Thursday, August 26, 2010

Fundamentals

Over two hundred years ago our brave forefathers revolted against a king and the concept of European government. Today there are those in our nation who want to send us back there. They want us to be more like Europeans. Could it be that they do not understand what that rebellion was all about?

The United States did not become the greatest nation on the face of the earth in less than 200 years by accident. The founders were very familiar with European history. They had read Locke, Rousseau and Montesquieu. We might call the founding of our nation “The Great Experiment.” The founders were aware of and critical of how governments operated in Europe. Powerful people, sometimes called kings, gained control and doled out rights to the people. The power was in the hands of a few. Men like Thomas Jefferson, George Washington and John Adams recognized that certain rights are unalienable. They come from God and are granted by him to all people. Hence, The Great Experiment.

In his book, The Five Thousand Year Leap, W. Cleon Skousen explains how our founding fathers created a fundamental change in the way governments are established. For the first time in history God was recognized as the Creator by whom all rights are granted. Those rights are granted directly to the people. It is not the place of the king or any other governmental authority to grant rights. They are God given and unalienable. And, just as God is unchangeable, his values and his laws are unchangeable. The founders knew this and wrote our foundational documents with this in mind. They intended for these documents to reflect this fundamentally different understanding of the relationship between people and government.

The founders did have the benefit of a series of changes in the relationship between people and governments that provided a springboard for their great experiment. In 1215 AD The Magna Carta brought the King of England under the law. This was an important crack in the wall of unlimited royal power. The Mayflower Compact of 1620 and the Fundamental Orders of Connecticut (1639) further establish the need for the people to govern themselves. In 1689 The English Bill of Rights enumerated certain rights to which subjects of a constitutional monarchy were thought to be entitled. These documents, among others, provided our founders with evidence of a slow but definite change in the way people perceived government.

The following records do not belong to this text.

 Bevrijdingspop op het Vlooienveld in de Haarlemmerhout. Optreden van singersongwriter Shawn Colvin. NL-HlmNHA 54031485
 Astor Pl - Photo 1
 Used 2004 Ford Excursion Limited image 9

This focus on the rights of people and from whence these rights come suggested some very significant observations about government. First, government was expected to be limited and not absolute. People were not to be constrained by conditions of their birth. They had the right of self-determination. By reducing the power and purpose of government, they implied increased personal responsibility. Second, government was not expected to “take care” of the citizenry (nobles oblige), but rather to stay out of their way and to ensure that all had equal opportunity. The Declaration of Independence states, “that they (the people) are endowed by their Creator with certain unalienable Rights, and among these are Life, Liberty and the pursuit of Happiness.” Note that is does not say they have the right to be rich or to be successful or to own a house or to have a free education. The rights guaranteed are much more fundamental than that. In short, the people have the right to expect government to provide an environment where equal opportunity is a given. It is not expected to provide equal outcomes. The results are a function of individual effort and determination.

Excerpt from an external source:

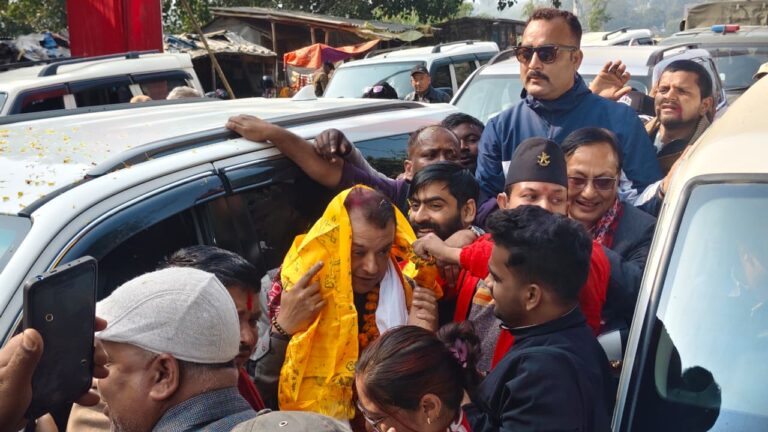 सर्लाहीमा कांग्रेस सभापति गगन थापाको भव्य स्वागत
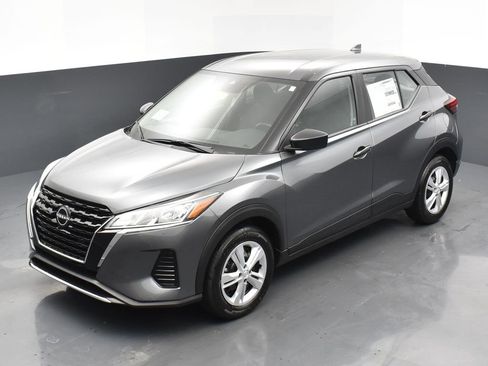 New 2025 Nissan Kicks Play S image 23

The genius of the founding fathers as expressed in the Declaration of Independence and the United States Constitution is that of a new and improved relationship between the people and the government. The Constitution stipulates that government should “provide” for the common defense, but “promote” the general welfare. The word, promote means to support or encourage. It does not stipulate that the government should supply or bestow on the citizens any benefits for which they are capable of working and acquiring through individual effort. This establishes a requirement -- an expectation, of a small government. To keep the government small, the Constitution specifies those things for which it is responsible and clearly indicates those things for which it is not responsible. See the Tenth Amendment. Since all rights are given by God to the people, our Constitution, ratified by the several states for the people, limits government.

This Great Experiment has worked for two centuries. People from around the world flock to the United States because it is considered “the land of opportunity.” Why would anyone who understands that our strength as a nation lies in our founding documents want to change it to resemble the twisted, elitist model from which we fled over 200 years ago?